Se dalla stampa cartacea e dalla televisione si passa all’informazione on line il quadro normativo e giurisprudenziale relativo al sistema della responsabilità diviene ancora più complesso. Come è noto, infatti, i giornali telematici non hanno, in base alla legge 62/2001, l’obbligo ma solo la facoltà di registrarsi. Inoltre, anche in presenza di un giornale on line registrato, il divieto di estensione analogica delle norme penali impedisce che al direttore responsabile si applichi l’art. 57 c.p.. In alcune sentenze, infatti, la Corte di Cassazione ha affermato l’inapplicabilità al direttore di un giornale telematico registrato della responsabilità per omesso controllo, vista l’impossibilità materiale di controllare contenuti dinamici, in continuo aggiornamento; in particolare ha stabilito l’irresponsabilità per i contenuti postati dai lettori, anche in forma anonima. Della diffamazione on line risponde quindi solo l’autore, se noto; anzi, se la diffamazione avviene mediante post di autore anonimo, non ne risponde nessuno. Il che non equivale a dire che la lesione non sia avvenuta ma solo che non si è riusciti ad individuare il responsabile.

Se tale può essere (il dubbio è lecito a fronte di un quadro tinteggiato più dalla giurisprudenza che dal legislatore) il contesto nel quale si vuole ora intervenire, anche un’azione tecnicamente “semplice” come quella della sostituzione della pena detentiva con quella pecuniaria nell’ipotesi di omesso controllo da parte del direttore, richiede che si allarghi l’orizzonte di riferimento e si valutino le ricadute sul complessivo sistema dell’informazione.

In un ambito così importante appare infatti necessario intervenire in modo sistematico e può essere allora interessante esercitarsi a seguire una sequenza logica (almeno per chi scrive): se si decide di trasformare la sanzione penale del direttore di giornale cartaceo in una sanzione pecuniaria occorre rivedere anche la sanzione a carico del giornalista, autore dell’articolo diffamatorio, che oggi, come è noto, è anch’essa di tipo detentivo, come ci rimprovera la Corte europea dei diritti dell’uomo; del pari, se si affievolisce la sanzione nei confronti dell’autore della diffamazione cartacea, occorre rivedere anche quella a carico del concessionario televisivo, dal momento che la legge che regola quest’ultima rinvia allo specifico articolo della legge del 1948; ed ancora, se si depenalizza la responsabilità più grave, quella della informazione a “mezzo stampa o con altro mezzo di pubblicità”, non si può non ripensare anche alla sanzione per la diffamazione semplice, anch’essa di tipo detentivo, proprio in considerazione dell’indubbia minore lesività che essa presenta.

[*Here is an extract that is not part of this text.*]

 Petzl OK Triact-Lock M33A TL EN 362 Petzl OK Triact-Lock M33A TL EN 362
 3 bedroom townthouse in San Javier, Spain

E se si mette in discussione il sistema della responsabilità nell’ambito della carta stampata, occorre ripensare anche la disciplina dei blog, ormai informazione a pieno titolo, che ancora subiscono il sequestro preventivo dei post ritenuti diffamatori. E, sull’altro versante, se si affievolisce il sistema di responsabilità del sistema giornalistico, occorre agire per contrappeso sul versante della tutela della persona offesa, che tale resta perché colpita da un esercizio della libertà di informazione “falsa o con fonti non attendibili”. Molti i possibili strumenti: tra gli altri, la previsione di una pena pecuniaria adeguata, di una “riparazione pecuniaria” di analogo tenore formale, una maggiore attenzione per il diritto all’oblio e per il diritto di chiedere la rettifica.

Un impegno legislativo difficile e tuttavia necessario, non solo per adeguare l’Italia alla giurisprudenza della Corte EDU ma per assumere consapevolezza che il settore dell’informazione è ormai profondamente diverso da quello che ha ispirato le leggi del 1948 e del 1990.